*Task prompt*:
Once you find the line with "Canada Hockey Helmet" in the entries below, print it and each line after it up to and including the line with "метро Проспект Просвещения", exactly, without pictures.

Records from a data collection:
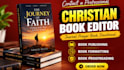 create prayer journal, daily devotion, christian book design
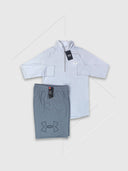 Under Armour Half Zip/Short Set Halo Grey from Saxumo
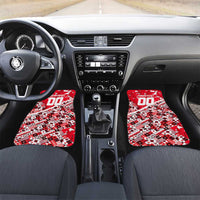 Canada Hockey Helmet Car Mats Maple Leaf Pattern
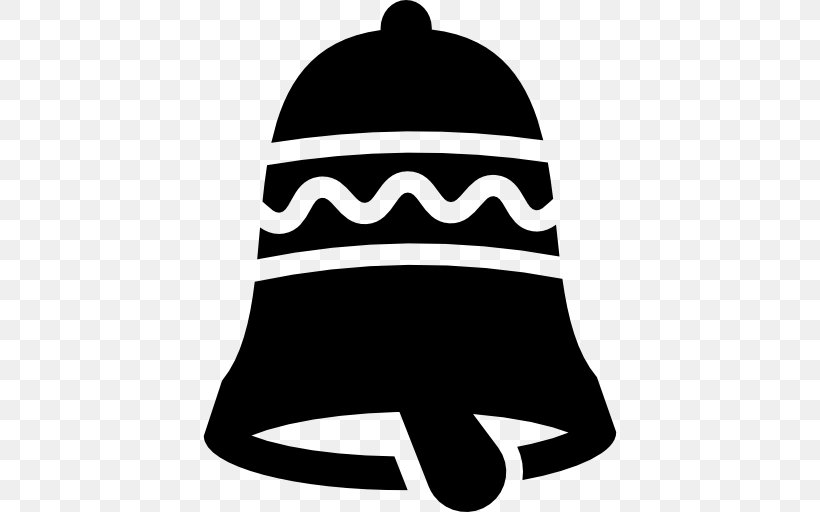 Bell, PNG, 512x512px, Bell, Black, Black And White, Cap, Christmas Download Free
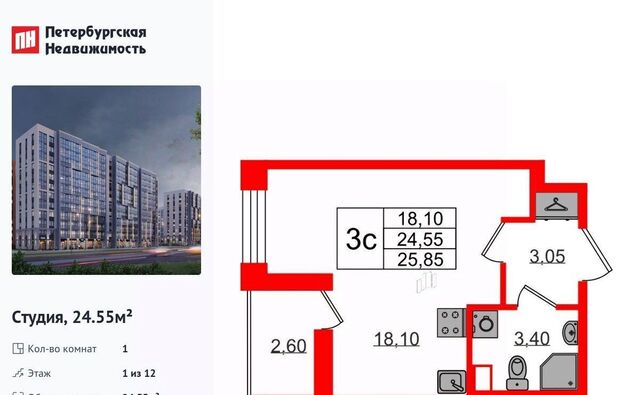 метро Проспект Просвещения ЖК «Бионика Заповедная» округ Коломяги фото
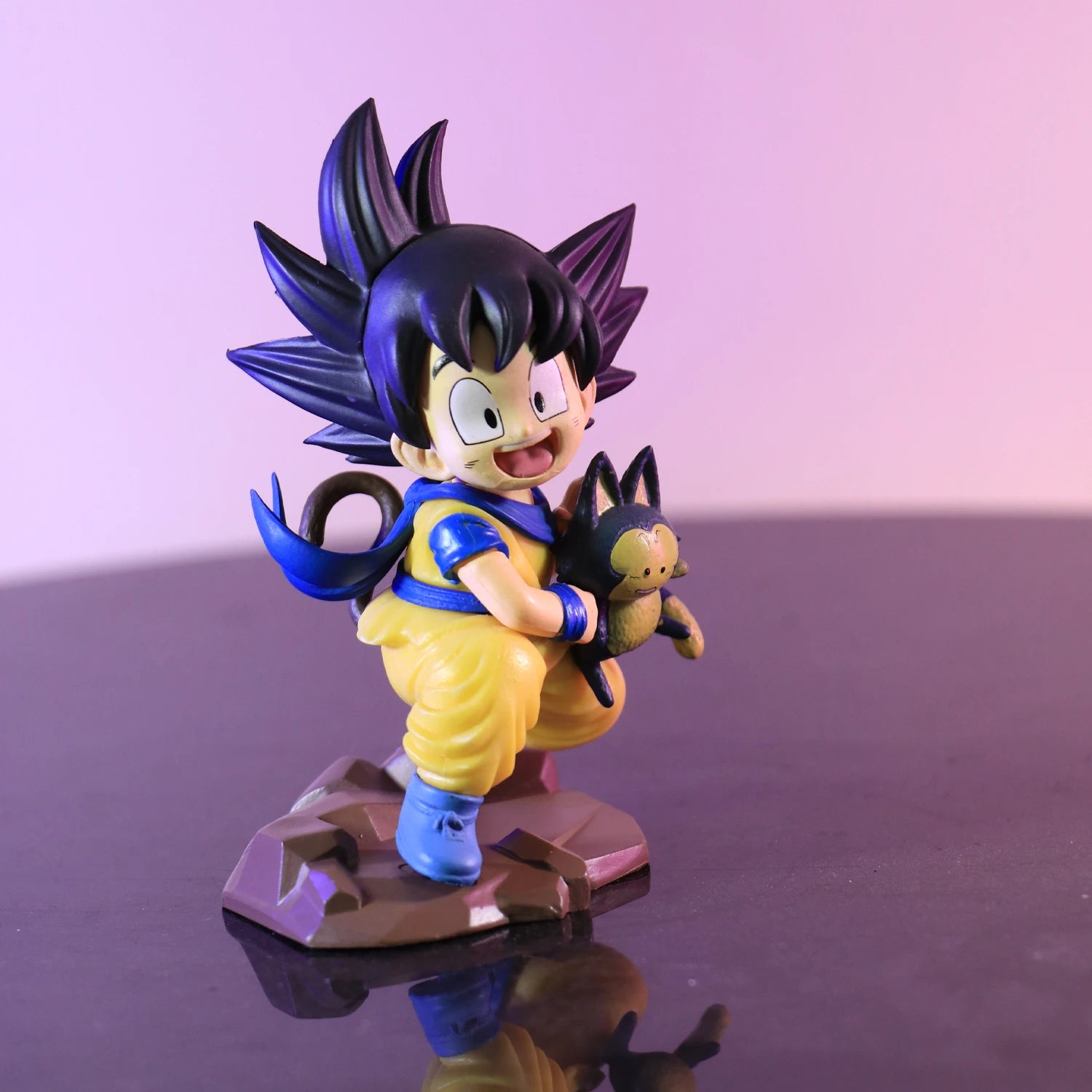 Anime Dragon Ball Q Version Figures Childhood Goku Holding Poole PVC 10cm Collection - Image 3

*Answer box*:
 Canada Hockey Helmet Car Mats Maple Leaf Pattern
 Bell, PNG, 512x512px, Bell, Black, Black And White, Cap, Christmas Download Free
 метро Проспект Просвещения ЖК «Бионика Заповедная» округ Коломяги фото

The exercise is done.